We will need to get rid of the current set_biquadratic_exchange!
and force people to use the more general set_exchange!
above. In this new interface, each call to set_exchange!
will override any existing exchange for that bond (bilinear and biquadratic treated on equal footing, and must be specified together).
Anisotropy. For consistency, I would propose to adopt an analogous notation for setting single-ion anisotropy,
set_anisotropy!(sys, S -> -D*S[3]^2, i) # set an easy axis
set_anisotropy_as_stevens!(sys, O -> -(D/3)*O[2,0]^2, i) # equivalent
This allows some internal simplifications, as it is no longer needed to create symbolic representations of polynomials (everything becomes just a matrix).
Interesting observation: because set_exchange!
is so general, it now allows a different path for constructing anisotropies. For example, this command will set an easy axis anisotropy for the atoms at bond.i
and bond.j
set_exchange!(sys, (S1, S2) -> -D*(S1[3]^2 + S2[3]^2), bond)
I would not recommend this style, but it is interesting to see that it is possible.
Inhomogeneous systems. For homogeneous systems,set_exchange!
will propagate interactions by symmetry. For inhomogeneous systems, one will use instead,
sys2 = to_inhomogeneous!(sys)
set_exchange_at!(sys2, (S1, S2) -> S1'*J*S2 , site1, site2)
Looking forward. All of this is designed to work in :SUN
mode. There will be many restrictions on the allowed exchange interactions in :dipole
mode. Probably we will restrict to the interactions allowed by SpinW: 3x3 exchange matrices, scalar biquadratic, and arbitrary single-ion anisotropy.
Initial support landed in https://github.com/SunnySuite/Sunny.jl/pull/176.
Questions about user interface have been pushed to https://github.com/SunnySuite/Sunny.jl/issues/177.

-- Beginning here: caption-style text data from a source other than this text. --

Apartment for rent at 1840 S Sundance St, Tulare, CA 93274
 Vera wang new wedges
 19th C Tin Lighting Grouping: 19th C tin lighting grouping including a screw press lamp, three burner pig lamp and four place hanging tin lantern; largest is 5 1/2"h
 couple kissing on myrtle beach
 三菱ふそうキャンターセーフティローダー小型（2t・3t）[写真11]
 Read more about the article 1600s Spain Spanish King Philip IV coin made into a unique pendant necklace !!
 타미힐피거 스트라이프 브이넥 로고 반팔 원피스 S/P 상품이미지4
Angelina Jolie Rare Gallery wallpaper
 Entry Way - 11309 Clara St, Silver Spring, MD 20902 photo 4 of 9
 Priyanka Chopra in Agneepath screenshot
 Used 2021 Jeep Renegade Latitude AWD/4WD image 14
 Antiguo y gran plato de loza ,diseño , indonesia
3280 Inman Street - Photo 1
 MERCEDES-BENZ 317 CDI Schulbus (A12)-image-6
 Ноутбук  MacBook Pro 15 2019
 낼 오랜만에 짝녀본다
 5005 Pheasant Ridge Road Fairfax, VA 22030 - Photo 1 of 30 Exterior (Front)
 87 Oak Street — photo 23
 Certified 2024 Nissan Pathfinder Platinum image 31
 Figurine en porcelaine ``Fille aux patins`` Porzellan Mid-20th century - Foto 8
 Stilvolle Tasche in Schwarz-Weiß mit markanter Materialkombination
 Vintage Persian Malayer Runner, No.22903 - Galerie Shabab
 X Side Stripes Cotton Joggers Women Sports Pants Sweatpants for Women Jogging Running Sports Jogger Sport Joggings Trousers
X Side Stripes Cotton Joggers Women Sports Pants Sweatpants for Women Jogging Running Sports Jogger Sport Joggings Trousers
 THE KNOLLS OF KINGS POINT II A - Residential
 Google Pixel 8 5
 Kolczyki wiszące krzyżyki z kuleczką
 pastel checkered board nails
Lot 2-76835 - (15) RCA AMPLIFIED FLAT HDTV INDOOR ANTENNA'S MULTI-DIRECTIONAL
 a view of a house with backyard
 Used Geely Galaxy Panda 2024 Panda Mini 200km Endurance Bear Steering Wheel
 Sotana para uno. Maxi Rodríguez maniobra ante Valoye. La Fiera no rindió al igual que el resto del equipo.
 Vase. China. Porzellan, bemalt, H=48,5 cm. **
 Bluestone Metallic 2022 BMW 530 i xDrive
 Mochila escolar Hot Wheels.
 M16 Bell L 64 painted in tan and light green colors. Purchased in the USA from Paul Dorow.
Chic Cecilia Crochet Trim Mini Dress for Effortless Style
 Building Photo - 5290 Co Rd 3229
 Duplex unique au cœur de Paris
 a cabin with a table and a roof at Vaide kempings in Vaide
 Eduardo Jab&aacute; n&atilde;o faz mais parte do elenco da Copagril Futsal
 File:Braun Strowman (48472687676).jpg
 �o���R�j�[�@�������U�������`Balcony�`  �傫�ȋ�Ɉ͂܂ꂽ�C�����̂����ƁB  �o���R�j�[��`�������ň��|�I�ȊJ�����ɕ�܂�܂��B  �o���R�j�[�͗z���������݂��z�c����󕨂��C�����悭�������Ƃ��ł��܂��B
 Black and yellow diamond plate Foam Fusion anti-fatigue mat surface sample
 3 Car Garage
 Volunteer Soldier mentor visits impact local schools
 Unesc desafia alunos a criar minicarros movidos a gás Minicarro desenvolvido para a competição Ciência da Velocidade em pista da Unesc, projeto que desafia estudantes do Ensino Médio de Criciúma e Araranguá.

Currently we support scalar biquadratic interactions in
:dipole
mode. Eventually we should allow this also for:SUN
mode. The latter would traditionally require thinking about a basis for SU(N) generators that explicitly defines spin operators $\hat S$ as well as operators $\hat Q$ quadratic in spin.Rather than hand-coding these generators, it might be better to work entirely with polynomials of the spin operators, and their tensor products, e.g. $S_j = S \otimes I$ and $S_k = I \otimes S$ to represent spins for sites $j$ and $k$ in the context of the bond $(j,k)$. This approach would generalize to any order exchange interaction, as well as to entangled units.